• _Problem requirements_
Skip pictures in the listing below; copy exactly the lines from the one with "Torrid 100% Polyester" through the one with "Jordan Air Jordan", inclusive.

• _Materials provided_

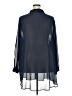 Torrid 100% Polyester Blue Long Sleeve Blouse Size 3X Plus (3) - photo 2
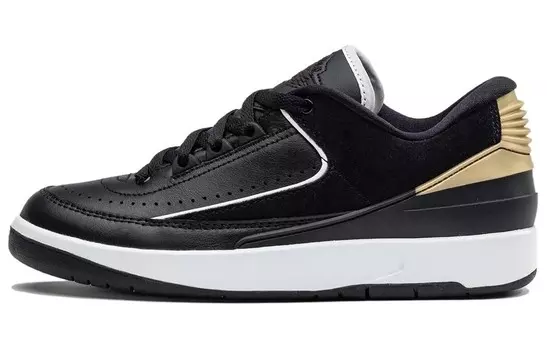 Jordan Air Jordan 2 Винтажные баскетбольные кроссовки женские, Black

* * *

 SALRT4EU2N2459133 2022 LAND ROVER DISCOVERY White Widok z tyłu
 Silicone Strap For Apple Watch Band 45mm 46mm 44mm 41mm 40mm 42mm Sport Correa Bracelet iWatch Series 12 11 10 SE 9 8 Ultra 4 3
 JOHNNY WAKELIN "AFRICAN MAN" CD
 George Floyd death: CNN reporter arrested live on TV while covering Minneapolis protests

* * *

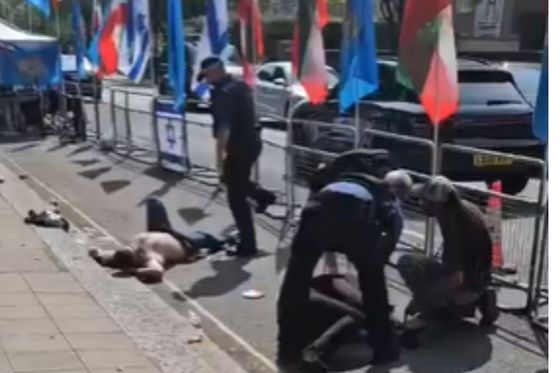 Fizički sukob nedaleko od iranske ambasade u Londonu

• _Your solution_
 Torrid 100% Polyester Blue Long Sleeve Blouse Size 3X Plus (3) - photo 2
 Jordan Air Jordan 2 Винтажные баскетбольные кроссовки женские, Black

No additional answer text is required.